Love of money is the root of all patent litigation. But many plaintiffs in the patent wars are not content to recover damages or reasonable royalties. Their main goal is to prevent rivals from selling competing (and supposedly infringing) products.

Unfortunately, pushing popular products off the market can do far more than simply dent the bottom line of defendants. Such injunctions can produce “catastrophic” effects on competition, consumers and the economy, according to Richard Gilbert, an economics professor at the University of California at Berkeley. Courts thus need to be cautious about granting injunctions for patent infringement, many experts assert.

Limiting the availability of such injunctions would bring another benefit. If injunctive relief were unavailable, patentees would have much less to gain from infringement suits. They would need to think harder about when it is worthwhile to prosecute infringement actions. The result would likely be fewer lawsuits that settle more quickly.

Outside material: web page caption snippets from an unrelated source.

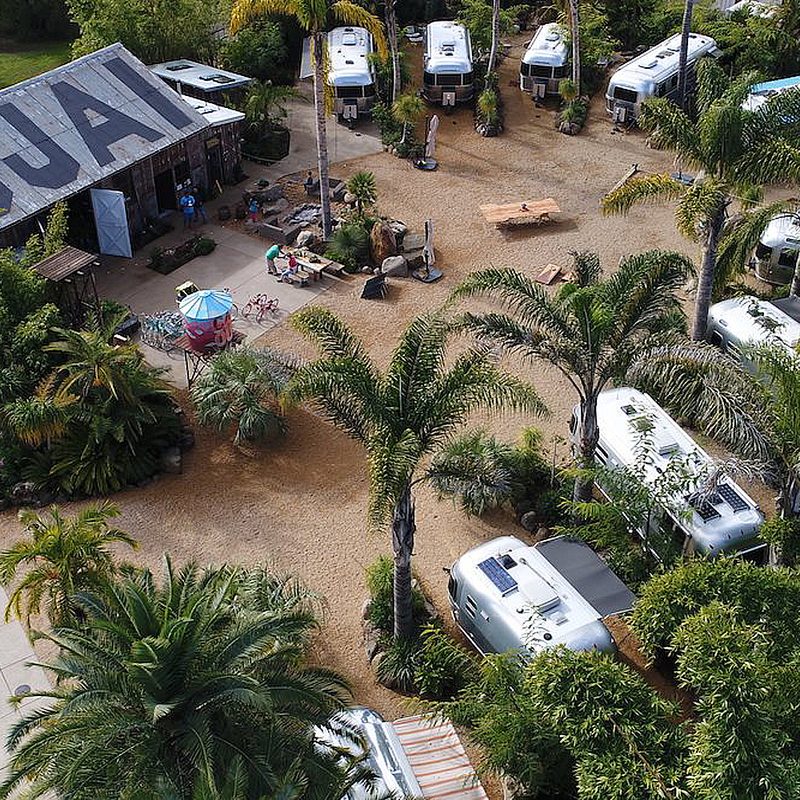 A bird's eye view of the Airstream trailers parked at Caravan Outpost.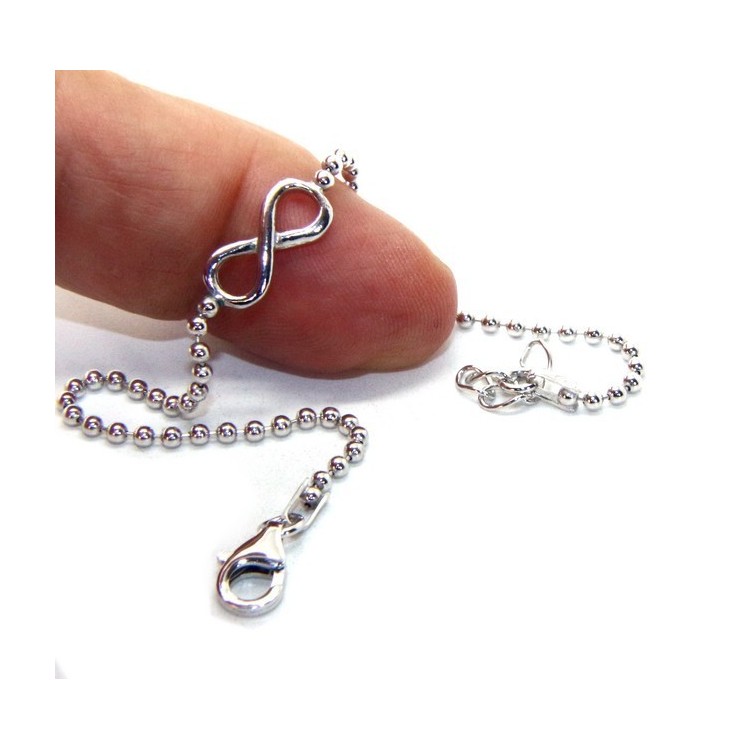 RMB|Bracciale uomo donna Argento 925 catena a palline da 2 mm e 1 elemento infinito 17,50-20,50 cm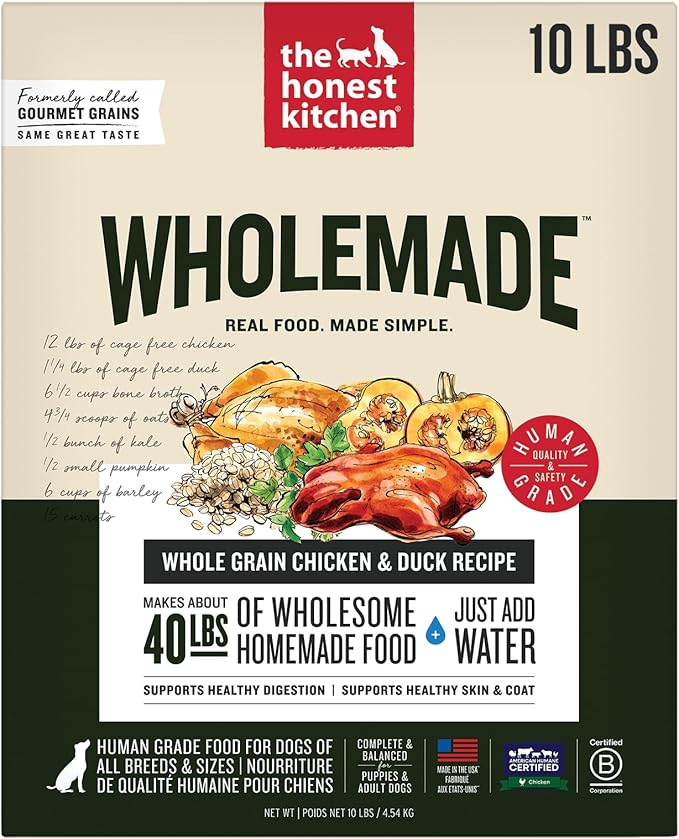 The Honest Kitchen Human Grade Wholemade™ Dehydrated Dog Food, Whole Grain Dog Food, Chicken & Duck, 10 lb (makes 40lbs)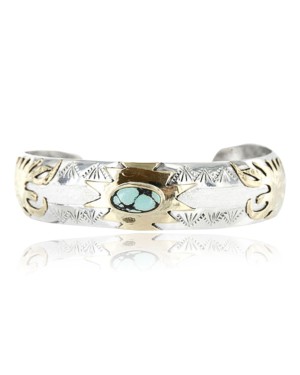 12kt Gold Filled and .925 Sterling Silver Handmade Eagle Head Certified Authentic Navajo Turquoise Native American Bracelet 371000092101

Over the past six years, the US courts have made it significantly tougher for patentees to get injunctions against infringers. These injunctions used to be routinely granted, but that ended in May 2006, when the US Supreme Court handed down its decision in eBay Inc. v. MercExchange LLC. The high court held that in order to obtain an injunction, a patentee must prove that it would suffer “irreparable harm” from a defendant’s continued infringement and that damages would not provide adequate compensation.

Since that ruling, the US courts have interpreted this standard more and more rigorously. Injunctions in patent suits have become far less common.

Patentees have responded by filing a growing number of infringement complaints with the International Trade Commission (ITC). This agency of the US government cannot levy damages against infringers or halt purely domestic infringements. It is an attractive forum for patentees, however, because whenever it finds infringement, the ITC is required by statute to provide injunctive-type relief. The agency must order the seizure of infringing imports and issue exclusion orders, which forbid infringing items from being imported into the US.

There is only one exception. The statute, 37 USC 1337(d)(1), states that the ITC can limit or deny an exclusion order if the order would be too harmful to “the public health and welfare, competitive conditions in the United States economy, the production of like or directly competitive articles in the United States, [or] United States consumers.”

The ITC has been loath to use this public interest exception. The agency has used this exception only twice in modern times, according to Prof. Colleen Chien of Santa Clara University Law School. In 2007, the ITC found Qualcomm cellphones and PDAs violated a US patent held by Broadcom, but applied an exclusion order [pdf] only against new models of Qualcomm products. In order to avoid harm to the public, the ITC allowed Qualcomm to continue to import and sell in the US existing models of its cell phones and PDAs.

In late 2011, the ITC found that HTC’s Android smartphones violated a US patent owned by Apple, but issued an exclusion order [pdf] that did not go into effect for four months. That delay greatly limited the harm to consumers and to competition in the smartphone market – and it provided HTC time to design around the patent.

Such rulings may become more common, according to many experts. The 2011 HTC ruling “may signal an important shift,” said Kelly Kubasta, a partner in the law firm of Klemchuk Kubasta. “The ITC’s decision to delay implementation of the importation ban may indicate a stronger consideration of public interest factors.”

There are certainly pressures on the ITC to make such a shift. “There’s a rising tide of opinion that the ITC should apply some discretion in their exclusion orders,” Kubasta said.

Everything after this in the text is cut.